_PROBLEM TO SOLVE_. Your answer should be every line with the word "engine", copied from the data below.

_THE DATA_.
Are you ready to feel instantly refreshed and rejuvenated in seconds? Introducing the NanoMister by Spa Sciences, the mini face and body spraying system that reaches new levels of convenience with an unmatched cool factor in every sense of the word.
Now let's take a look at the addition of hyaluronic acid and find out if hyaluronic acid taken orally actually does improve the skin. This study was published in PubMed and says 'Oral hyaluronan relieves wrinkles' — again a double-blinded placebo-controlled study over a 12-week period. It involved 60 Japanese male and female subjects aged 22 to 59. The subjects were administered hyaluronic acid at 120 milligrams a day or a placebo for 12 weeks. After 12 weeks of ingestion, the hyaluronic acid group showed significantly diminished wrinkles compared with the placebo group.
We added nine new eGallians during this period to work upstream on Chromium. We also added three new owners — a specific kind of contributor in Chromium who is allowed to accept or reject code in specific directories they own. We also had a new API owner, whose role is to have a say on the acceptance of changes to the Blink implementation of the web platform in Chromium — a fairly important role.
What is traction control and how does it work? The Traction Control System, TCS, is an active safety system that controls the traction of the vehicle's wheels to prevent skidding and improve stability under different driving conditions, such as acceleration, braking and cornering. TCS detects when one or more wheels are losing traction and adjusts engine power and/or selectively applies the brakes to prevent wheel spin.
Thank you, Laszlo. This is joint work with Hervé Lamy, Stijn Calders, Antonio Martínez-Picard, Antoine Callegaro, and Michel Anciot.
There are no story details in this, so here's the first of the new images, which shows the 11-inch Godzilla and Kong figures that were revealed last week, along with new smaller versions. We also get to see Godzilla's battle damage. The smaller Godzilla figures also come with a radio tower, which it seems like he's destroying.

--

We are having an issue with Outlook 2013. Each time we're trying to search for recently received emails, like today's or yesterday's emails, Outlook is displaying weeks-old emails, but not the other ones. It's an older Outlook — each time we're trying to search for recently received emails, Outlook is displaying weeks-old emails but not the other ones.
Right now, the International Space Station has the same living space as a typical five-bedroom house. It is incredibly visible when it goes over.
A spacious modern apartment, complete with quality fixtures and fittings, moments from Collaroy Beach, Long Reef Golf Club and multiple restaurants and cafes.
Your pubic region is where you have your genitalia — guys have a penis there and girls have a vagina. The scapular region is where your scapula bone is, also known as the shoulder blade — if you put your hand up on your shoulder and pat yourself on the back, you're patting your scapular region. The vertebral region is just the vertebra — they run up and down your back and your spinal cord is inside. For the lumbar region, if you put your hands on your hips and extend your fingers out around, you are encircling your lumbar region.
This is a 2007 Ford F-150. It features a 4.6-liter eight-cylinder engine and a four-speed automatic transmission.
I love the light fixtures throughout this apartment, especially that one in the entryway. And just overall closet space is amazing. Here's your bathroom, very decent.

_SOLUTION TO THE EXERCISE_.
What is traction control and how does it work? The Traction Control System, TCS, is an active safety system that controls the traction of the vehicle's wheels to prevent skidding and improve stability under different driving conditions, such as acceleration, braking and cornering. TCS detects when one or more wheels are losing traction and adjusts engine power and/or selectively applies the brakes to prevent wheel spin.
This is a 2007 Ford F-150. It features a 4.6-liter eight-cylinder engine and a four-speed automatic transmission.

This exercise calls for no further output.